Importante área úmida no planeta, o Pantanal enfrenta uma seca aguda desde 2019 e com isso tem visto "a quantidade de água reduzir nas planícies e rios, resultando em um solo e vegetação extremamente secos, aumentando o risco de incêndios", aponta o estudo.
"Embora as mudanças climáticas sejam uma das principais causas dos incêndios descontrolados pelo mundo, e fogos naturais possam ocorrer, no Pantanal quase 98% das queimadas são causadas por atividades humanas, sejam acidentais ou criminais", diz o texto assinado por pesquisadores do bioma.
Ferimentos e mortes
Os animais sofrem impacto direto — como ferimento ou morte — ou indireto, pela perda do habitat diante dos problemas ambientais enfrentados no Pantanal.
Diversos voluntários têm ajudado os animais. No bioma, essas pessoas têm se deparado com cenas como bichos que foram vítimas do fogo ou que sofrem com sede ou fome, diante da devastação de alguns pontos do Pantanal nos incêndios.
As dificuldades enfrentadas pelas espécies podem ser avistadas em diferentes pontos do bioma.
A veterinária Carla Sassi, do GRAD, coordena uma equipe que já resgatou diversos animais no Pantanal. Os voluntários têm se mobilizado para levar caminhões-pipa e frutas, obtidos por meio de doações, para ajudar os bichos.
"Muitos animais precisam andar longas e longas distâncias para conseguir água e alimentos", explica Sassi. Ela ressalta que nem todos conseguem ir a lugares distantes e, por isso, o apoio dos voluntários se torna fundamental.
Entre os animais que têm lutado para sobreviver no Pantanal estão os jacarés. Uma imagem feita em meados de setembro pelo biólogo e fotógrafo Fernando Faciole mostra diversos jacarés-do-pantanal amontoados e desnutridos. "A cada dia que passa o nível da água abaixa mais e a situação é crítica", diz Faciole.

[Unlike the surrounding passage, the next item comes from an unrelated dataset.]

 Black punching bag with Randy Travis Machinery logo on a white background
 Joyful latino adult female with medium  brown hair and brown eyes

A imagem (que abre esta reportagem) foi feita em uma ponte da rodovia Transpantaneira, que liga a cidade de Poconé (MT) à região de Porto Jofre, na divisa com Mato Grosso do Sul. Segundo o fotógrafo, voluntários resgataram alguns desses animais e levaram para áreas com água para que possam sobreviver. "Porém, a quantidade desses animais é extremamente grande", afirma.
Faciole também fez outros registros que ilustram a situação dos animais no Pantanal. Uma das fotos feitas por ele mostra um quati com as patas queimadas que foi resgatado por voluntários em uma área remota e muito seca. "O animal estava com uma das patas traseiras queimadas Ele recebeu todos os cuidados e agora passa bem", diz.

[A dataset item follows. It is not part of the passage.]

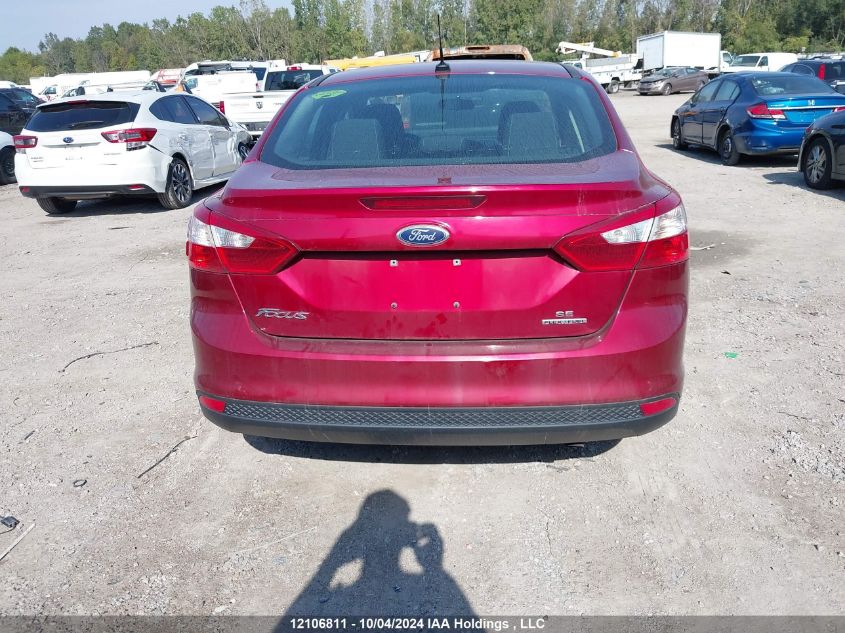 2013 Ford Focus VIN: 1FADP3F23DL273404 Lot: 12106811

Em outra fotografia, em meados de setembro, Faciole registrou um macaco-prego em meio às cinzas de uma região tomada pelo fogo. "Os animais, como esse macaco, agora enfrentam a fome cinzenta (causada por incêndios florestais, que destroem os alimentos deles). Muitos se aproximam das equipes de resgate em busca de ajuda", diz.

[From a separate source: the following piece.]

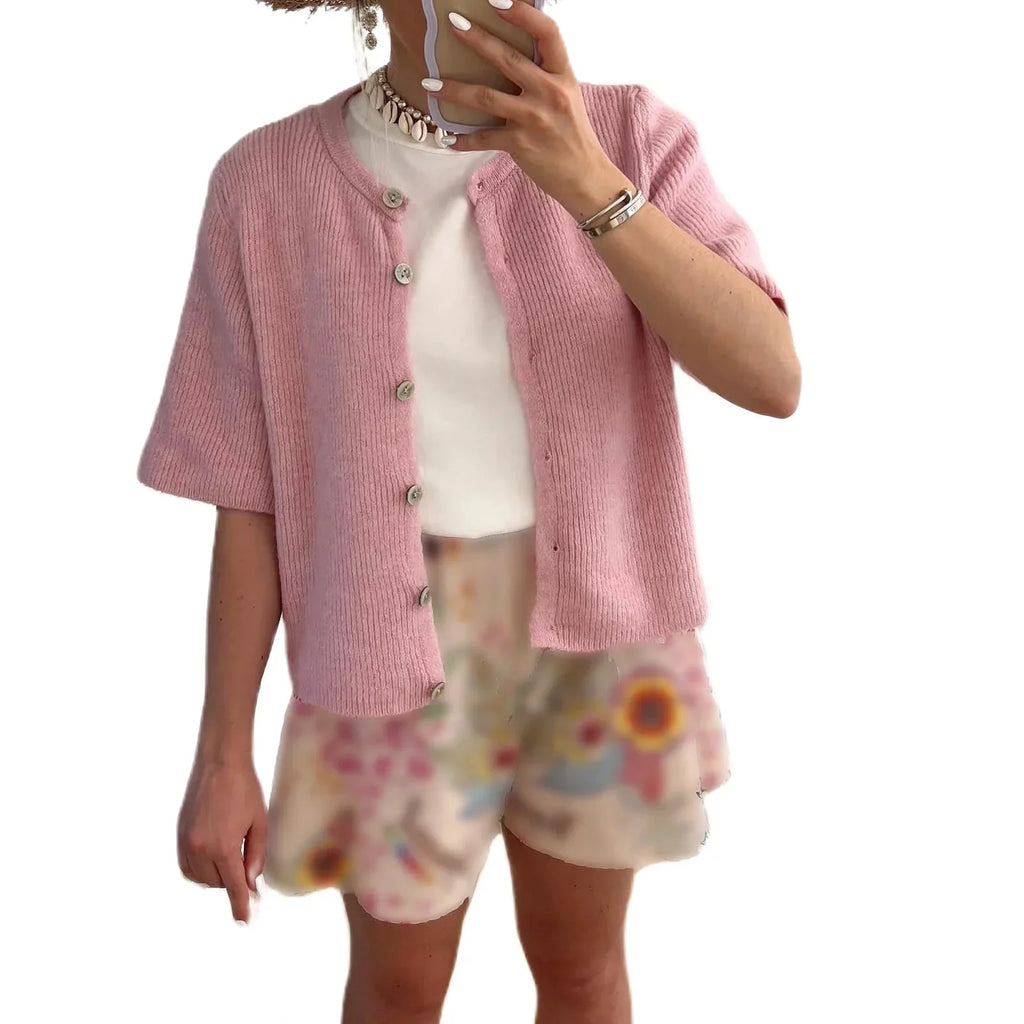 Women's short sleeve button-up cardigan made of soft cotton blend, featuring a classic collar and stylish pocket detailing.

Ele também fotografou resgates de animais feridos, bichos mortos em regiões sem água, entre outras imagens no Pantanal (algumas disponíveis ao longo desta reportagem).
Outros registros que mostram a situação do Pantanal neste ano, e estão ao longo desta reportagem, foram feitos pelos fotógrafos Bruna Obadowski e Ahmad Jarrah entre o fim de agosto e o início de setembro. Eles encontraram animais como cobras e macacos-prego carbonizados. Também viram um tuiuiú e uma vaca passando por áreas incendiadas em busca de abrigo.
Outra cena que registraram foi uma vaca presa pelo fogo, em uma das áreas mais afetadas pelas chamas na Transpantaneira, enquanto permanecia à espera de ajuda. Posteriormente, o animal foi resgatado. "Segundo os brigadistas, é comum os animais ficarem presos pelo fogo e virem a óbito quando não são resgatados a tempo", diz Bruna.
As dificuldades enfrentadas pelos animais no Pantanal devem continuar nas próximas semanas. Isso porque a estiagem deve durar ao menos até meados de outubro e não há expectativa de melhora no nível do rio Paraguai no próximo mês.